Links:
exiftool: https://www.exiftool.org/
qpdf: https://qpdf.sourceforge.io/
dangerzone (GUI, render PDF as images, then re-OCR everything): https://dangerzone.rocks/
mat2 (render PDF as images, don't OCR): https://0xacab.org/jvoisin/mat2
here's a shell script that recursively removes metadata from pdfs in a provided (or current) directory as described above.

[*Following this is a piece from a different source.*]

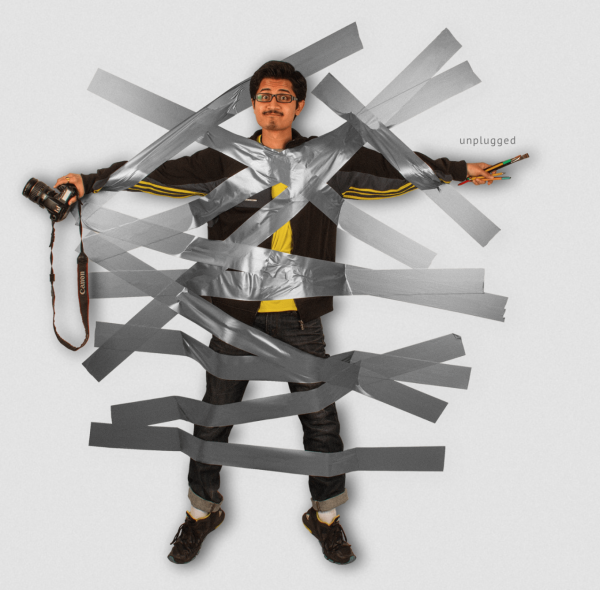 Человек скотчем к стене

For mac/*nix-like computers, and you need to have qpdf and exiftool installed:
https://gist.github.com/sneakers-the-rat/172e8679b824a3871decd262ed3f59c6
The metadata appears to be preserved on papers from sci-hub. since it works by using harvested academic credentials to download papers, this would allow publishers to identify which accounts need to be closed/secured
https://twitter.com/json_dirs/status/1486135162505072641?t=Wg5XAzujycz79Cop_ap8vQ&s=19
@jonny I wonder whether uploading every paper to sci-hub twice would be feasible (i.e. would we still have enough people do that). (If we did so, then it would allow sci-hub to verify with reasonable certainty that whatever watermark-removal method they would use still works.)
@robryk
yes, definitely. all of the above. fix what you have now, adapt to changes, making double grabs part of the protocol makes sense :)